___ DATA SUPPLIED ___

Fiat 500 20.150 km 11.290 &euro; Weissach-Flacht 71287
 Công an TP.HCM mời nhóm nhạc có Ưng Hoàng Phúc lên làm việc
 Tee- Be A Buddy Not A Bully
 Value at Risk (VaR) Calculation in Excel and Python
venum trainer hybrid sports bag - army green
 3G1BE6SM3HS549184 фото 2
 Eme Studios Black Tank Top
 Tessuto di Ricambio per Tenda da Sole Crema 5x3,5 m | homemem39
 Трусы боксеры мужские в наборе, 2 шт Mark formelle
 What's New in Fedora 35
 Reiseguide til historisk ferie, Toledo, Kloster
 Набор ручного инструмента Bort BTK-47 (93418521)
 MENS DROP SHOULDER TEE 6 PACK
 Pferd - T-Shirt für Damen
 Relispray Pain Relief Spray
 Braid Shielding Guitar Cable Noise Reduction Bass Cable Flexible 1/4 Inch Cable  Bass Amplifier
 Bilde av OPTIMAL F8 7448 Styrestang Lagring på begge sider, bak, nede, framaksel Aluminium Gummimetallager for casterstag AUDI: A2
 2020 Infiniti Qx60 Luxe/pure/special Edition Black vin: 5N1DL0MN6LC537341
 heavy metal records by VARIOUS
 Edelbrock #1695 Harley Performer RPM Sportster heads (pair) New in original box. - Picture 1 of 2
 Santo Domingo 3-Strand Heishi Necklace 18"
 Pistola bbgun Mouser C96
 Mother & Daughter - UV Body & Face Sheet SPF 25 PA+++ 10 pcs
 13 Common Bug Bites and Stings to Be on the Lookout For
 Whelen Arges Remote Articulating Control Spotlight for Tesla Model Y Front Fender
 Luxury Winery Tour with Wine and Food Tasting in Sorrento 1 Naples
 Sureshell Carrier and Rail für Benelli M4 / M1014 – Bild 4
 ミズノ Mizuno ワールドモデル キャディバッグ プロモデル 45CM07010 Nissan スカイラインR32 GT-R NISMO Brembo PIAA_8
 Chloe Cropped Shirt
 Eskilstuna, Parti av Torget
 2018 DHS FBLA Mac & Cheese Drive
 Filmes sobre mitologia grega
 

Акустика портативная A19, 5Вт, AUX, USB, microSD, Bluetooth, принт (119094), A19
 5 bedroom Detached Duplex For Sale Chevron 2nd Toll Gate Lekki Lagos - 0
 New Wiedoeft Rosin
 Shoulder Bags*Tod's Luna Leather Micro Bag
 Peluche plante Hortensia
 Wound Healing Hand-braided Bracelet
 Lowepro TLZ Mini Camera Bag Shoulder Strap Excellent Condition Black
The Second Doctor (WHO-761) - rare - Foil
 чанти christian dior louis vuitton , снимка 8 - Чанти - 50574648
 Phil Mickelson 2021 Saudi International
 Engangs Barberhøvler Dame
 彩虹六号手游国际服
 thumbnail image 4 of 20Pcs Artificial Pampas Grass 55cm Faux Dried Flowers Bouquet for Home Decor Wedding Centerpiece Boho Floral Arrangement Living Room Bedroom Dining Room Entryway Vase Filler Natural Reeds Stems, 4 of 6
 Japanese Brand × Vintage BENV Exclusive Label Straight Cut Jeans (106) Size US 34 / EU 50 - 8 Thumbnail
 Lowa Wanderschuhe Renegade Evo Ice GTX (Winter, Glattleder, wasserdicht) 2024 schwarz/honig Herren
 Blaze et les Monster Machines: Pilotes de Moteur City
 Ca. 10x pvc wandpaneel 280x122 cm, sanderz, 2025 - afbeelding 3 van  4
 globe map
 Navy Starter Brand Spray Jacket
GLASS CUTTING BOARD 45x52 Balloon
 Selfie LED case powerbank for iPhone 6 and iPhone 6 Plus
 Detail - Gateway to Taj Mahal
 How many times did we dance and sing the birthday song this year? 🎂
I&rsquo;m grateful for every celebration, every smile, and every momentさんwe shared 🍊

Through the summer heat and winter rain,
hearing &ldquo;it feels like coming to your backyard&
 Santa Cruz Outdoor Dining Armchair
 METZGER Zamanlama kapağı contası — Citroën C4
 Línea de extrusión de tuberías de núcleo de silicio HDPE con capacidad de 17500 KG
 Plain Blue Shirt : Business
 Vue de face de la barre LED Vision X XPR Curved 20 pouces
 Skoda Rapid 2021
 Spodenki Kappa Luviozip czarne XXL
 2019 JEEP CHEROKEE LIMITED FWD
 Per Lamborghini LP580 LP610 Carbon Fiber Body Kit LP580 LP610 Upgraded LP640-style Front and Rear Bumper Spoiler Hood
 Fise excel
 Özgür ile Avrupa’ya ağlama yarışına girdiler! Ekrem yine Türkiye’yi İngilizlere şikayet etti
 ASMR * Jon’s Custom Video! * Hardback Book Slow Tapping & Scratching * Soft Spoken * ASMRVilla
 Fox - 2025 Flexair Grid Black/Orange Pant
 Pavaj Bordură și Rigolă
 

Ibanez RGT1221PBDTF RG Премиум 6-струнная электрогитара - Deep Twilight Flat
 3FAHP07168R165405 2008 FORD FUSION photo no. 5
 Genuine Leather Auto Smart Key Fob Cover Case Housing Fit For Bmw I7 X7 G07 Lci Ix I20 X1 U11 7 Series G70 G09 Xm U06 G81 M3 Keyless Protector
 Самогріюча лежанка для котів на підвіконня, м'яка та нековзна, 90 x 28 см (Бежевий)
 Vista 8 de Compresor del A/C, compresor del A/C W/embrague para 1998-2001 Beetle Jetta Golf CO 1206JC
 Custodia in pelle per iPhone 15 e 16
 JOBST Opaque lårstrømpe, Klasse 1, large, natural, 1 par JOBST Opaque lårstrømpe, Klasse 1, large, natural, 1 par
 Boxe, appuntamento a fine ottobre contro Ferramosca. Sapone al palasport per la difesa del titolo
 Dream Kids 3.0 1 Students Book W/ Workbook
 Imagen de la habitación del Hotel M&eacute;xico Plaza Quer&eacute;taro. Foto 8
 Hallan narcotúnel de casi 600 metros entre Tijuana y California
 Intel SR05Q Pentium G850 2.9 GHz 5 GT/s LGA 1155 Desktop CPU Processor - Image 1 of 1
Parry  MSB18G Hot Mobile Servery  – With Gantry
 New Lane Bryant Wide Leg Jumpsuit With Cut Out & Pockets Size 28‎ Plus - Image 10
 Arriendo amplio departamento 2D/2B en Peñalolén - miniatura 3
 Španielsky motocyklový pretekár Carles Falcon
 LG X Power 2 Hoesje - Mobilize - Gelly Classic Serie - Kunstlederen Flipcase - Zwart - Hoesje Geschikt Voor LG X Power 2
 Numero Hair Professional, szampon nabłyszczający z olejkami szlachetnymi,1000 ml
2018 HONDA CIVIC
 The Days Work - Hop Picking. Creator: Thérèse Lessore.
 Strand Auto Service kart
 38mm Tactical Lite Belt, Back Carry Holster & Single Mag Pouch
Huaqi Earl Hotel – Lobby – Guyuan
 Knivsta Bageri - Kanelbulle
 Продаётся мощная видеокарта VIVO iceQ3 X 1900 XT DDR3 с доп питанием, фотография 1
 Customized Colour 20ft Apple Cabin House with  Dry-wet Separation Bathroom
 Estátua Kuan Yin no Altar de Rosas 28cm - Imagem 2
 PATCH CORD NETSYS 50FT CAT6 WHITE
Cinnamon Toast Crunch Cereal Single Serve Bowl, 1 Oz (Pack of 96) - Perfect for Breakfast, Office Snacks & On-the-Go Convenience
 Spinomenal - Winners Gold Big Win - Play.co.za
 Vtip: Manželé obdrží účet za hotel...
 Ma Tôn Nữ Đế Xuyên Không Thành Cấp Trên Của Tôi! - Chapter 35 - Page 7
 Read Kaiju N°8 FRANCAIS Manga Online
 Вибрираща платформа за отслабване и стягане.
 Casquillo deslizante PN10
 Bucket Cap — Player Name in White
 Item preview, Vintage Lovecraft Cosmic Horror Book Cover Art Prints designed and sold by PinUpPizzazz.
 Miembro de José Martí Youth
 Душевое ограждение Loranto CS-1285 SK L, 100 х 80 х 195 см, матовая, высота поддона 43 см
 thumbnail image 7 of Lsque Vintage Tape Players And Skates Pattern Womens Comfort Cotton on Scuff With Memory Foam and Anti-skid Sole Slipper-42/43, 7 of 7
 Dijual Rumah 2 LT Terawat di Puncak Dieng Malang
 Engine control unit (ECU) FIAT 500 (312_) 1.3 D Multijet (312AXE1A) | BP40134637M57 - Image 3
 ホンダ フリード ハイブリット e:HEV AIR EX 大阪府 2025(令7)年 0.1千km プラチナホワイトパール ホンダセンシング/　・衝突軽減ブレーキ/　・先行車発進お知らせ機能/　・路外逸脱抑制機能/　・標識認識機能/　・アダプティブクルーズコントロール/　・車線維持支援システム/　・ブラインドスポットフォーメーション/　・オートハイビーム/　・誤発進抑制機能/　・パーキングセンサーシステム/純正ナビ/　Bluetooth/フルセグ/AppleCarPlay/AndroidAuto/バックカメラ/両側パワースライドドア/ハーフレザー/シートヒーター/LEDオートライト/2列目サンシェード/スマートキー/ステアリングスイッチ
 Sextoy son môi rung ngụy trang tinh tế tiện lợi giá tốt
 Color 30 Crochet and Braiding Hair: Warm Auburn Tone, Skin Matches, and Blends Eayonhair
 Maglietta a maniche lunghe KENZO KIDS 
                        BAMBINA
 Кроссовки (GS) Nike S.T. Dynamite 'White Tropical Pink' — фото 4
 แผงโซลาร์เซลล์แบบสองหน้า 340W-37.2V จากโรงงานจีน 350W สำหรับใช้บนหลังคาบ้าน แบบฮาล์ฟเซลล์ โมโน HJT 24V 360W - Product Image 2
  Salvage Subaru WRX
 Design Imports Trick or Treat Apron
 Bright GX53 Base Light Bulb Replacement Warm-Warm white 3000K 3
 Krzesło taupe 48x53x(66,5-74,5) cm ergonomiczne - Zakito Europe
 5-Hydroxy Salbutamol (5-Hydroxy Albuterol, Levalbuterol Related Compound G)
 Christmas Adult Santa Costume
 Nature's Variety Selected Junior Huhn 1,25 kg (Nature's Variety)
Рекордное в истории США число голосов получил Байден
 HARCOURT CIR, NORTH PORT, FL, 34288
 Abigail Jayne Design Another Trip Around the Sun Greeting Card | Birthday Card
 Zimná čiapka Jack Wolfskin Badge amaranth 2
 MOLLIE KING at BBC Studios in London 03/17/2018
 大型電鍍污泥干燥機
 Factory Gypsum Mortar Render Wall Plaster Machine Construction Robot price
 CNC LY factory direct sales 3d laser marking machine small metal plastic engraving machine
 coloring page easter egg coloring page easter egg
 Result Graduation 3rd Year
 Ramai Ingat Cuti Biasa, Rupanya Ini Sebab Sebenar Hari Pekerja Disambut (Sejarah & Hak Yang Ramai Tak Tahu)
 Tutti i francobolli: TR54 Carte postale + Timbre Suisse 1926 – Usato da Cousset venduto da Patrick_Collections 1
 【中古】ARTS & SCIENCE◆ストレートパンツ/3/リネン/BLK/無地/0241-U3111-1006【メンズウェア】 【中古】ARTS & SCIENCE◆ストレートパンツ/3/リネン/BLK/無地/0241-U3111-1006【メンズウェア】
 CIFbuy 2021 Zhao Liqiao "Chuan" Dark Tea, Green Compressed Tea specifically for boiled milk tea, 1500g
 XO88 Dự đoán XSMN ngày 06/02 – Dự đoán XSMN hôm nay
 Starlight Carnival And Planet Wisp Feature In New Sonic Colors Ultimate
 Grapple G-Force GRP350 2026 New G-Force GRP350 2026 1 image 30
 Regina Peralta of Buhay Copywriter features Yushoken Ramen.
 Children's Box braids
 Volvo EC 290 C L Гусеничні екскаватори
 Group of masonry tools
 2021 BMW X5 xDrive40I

___

(ACTIVITY) Could you reproduce exactly the lines of the entries above, from the one with "Vtip: Manželé obdrží účet za hotel..." through the one with "Maglietta a maniche lunghe KENZO KIDS", and nothing else?

(RESPONSE AREA)
 Vtip: Manželé obdrží účet za hotel...
 Ma Tôn Nữ Đế Xuyên Không Thành Cấp Trên Của Tôi! - Chapter 35 - Page 7
 Read Kaiju N°8 FRANCAIS Manga Online
 Вибрираща платформа за отслабване и стягане.
 Casquillo deslizante PN10
 Bucket Cap — Player Name in White
 Item preview, Vintage Lovecraft Cosmic Horror Book Cover Art Prints designed and sold by PinUpPizzazz.
 Miembro de José Martí Youth
 Душевое ограждение Loranto CS-1285 SK L, 100 х 80 х 195 см, матовая, высота поддона 43 см
 thumbnail image 7 of Lsque Vintage Tape Players And Skates Pattern Womens Comfort Cotton on Scuff With Memory Foam and Anti-skid Sole Slipper-42/43, 7 of 7
 Dijual Rumah 2 LT Terawat di Puncak Dieng Malang
 Engine control unit (ECU) FIAT 500 (312_) 1.3 D Multijet (312AXE1A) | BP40134637M57 - Image 3
 ホンダ フリード ハイブリット e:HEV AIR EX 大阪府 2025(令7)年 0.1千km プラチナホワイトパール ホンダセンシング/　・衝突軽減ブレーキ/　・先行車発進お知らせ機能/　・路外逸脱抑制機能/　・標識認識機能/　・アダプティブクルーズコントロール/　・車線維持支援システム/　・ブラインドスポットフォーメーション/　・オートハイビーム/　・誤発進抑制機能/　・パーキングセンサーシステム/純正ナビ/　Bluetooth/フルセグ/AppleCarPlay/AndroidAuto/バックカメラ/両側パワースライドドア/ハーフレザー/シートヒーター/LEDオートライト/2列目サンシェード/スマートキー/ステアリングスイッチ
 Sextoy son môi rung ngụy trang tinh tế tiện lợi giá tốt
 Color 30 Crochet and Braiding Hair: Warm Auburn Tone, Skin Matches, and Blends Eayonhair
 Maglietta a maniche lunghe KENZO KIDS 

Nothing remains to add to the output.